Mit Xabi Alonso und Thiago hatte der FC Bayern in der Vergangenheit zwei Alleskönner in seinen Reihen, aktuell ist Joshua Kimmich der hauptsächliche Spielgestalter. Doch der deutsche Nationalspieler leidet an einem Meniskusschaden, weshalb das Münchner Spiel am vergangenen Wochenende gegen Werder Bremen nur wenig Struktur besaß. Ohne richtige Spielkontrolle und ohne geniale Pässe aus der Zentrale mangelte es der Elf von Hansi Flick an Dominanz und Kreativität, und somit auch an Torgefahr.
Am Mittwochabend lief es im Champions-League-Spiel gegen RB Salzburg schon besser. Statt Javi Martinez respektive Leon Goretzka als alleiniger Sechser wählte Flick ein 4-2-3-1 mit Goretzka und Marc Roca auf der Doppelsechs. Der junge Spanier war kurz vor Transferschluss von Espanyol Barcelona verpflichtet worden, verbrachte die allermeiste Zeit bislang aber auf der Bank - zu groß war die Differenz zwischen seinen Leistungen und Flicks Anforderungen. Nun aber durfte er sich auf der größten Fußballbühne Europas beweisen.

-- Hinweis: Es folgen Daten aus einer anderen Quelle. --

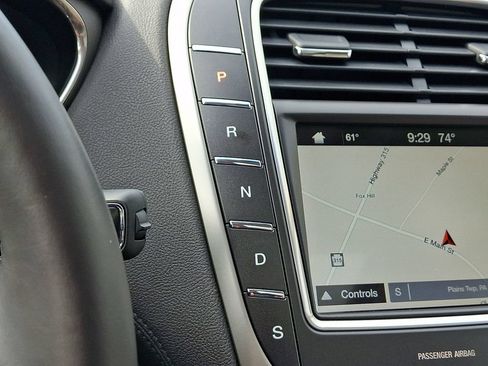 Certified 2019 Lincoln Nautilus Reserve AWD/4WD image 15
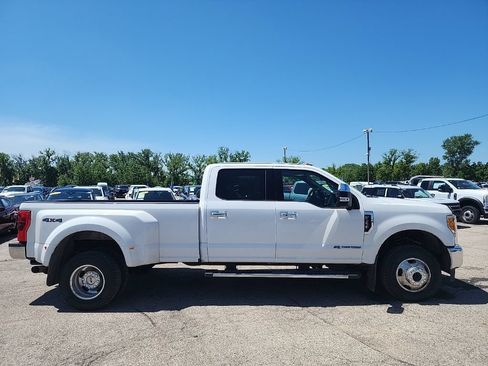 Used 2017 Ford F350 Lariat w/ Lariat Ultimate Package AWD/4WD image 11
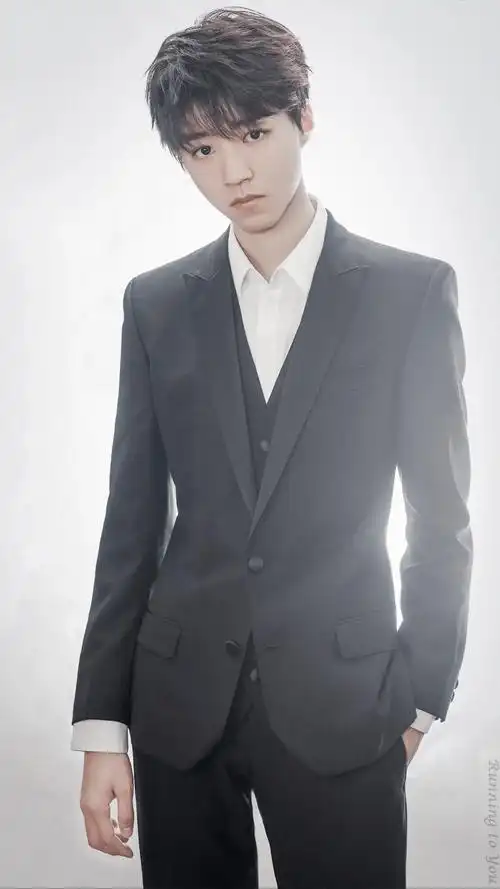 看杨洋,肖站等一下几位穿西装的男星!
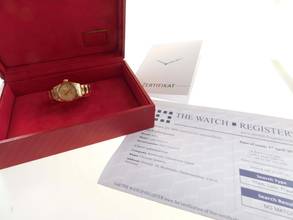 Thumbnail von Rolex Lady-Datejust 18 Kt Gelbgold mit original Brillant Blatt 26 mm mit Box im Top Zustand sehr schöne Damenuhr aus 1980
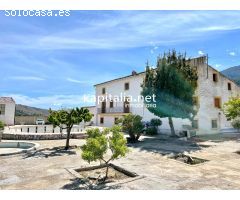 Masía a la venta en zona de Agres, cercana a muro de Alcoy.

Rocas Debüt in der Königsklasse dauerte 66 Minuten, nach zwei unnötigen Fouls schickte Schiedsrichter Orel Grinfeld ihn mit Gelb-Rot vom Platz. "Er wird sich über den Platzverweis wohl am meisten ärgern", sagte Flick laut Spox nach dem Spiel, denn zuvor hinterließ sein Schützling einen ordentlichen Eindruck: "Marc hat ein gutes Debüt gemacht", sagte der 55-Jährige, "da kann er zufrieden mit sein."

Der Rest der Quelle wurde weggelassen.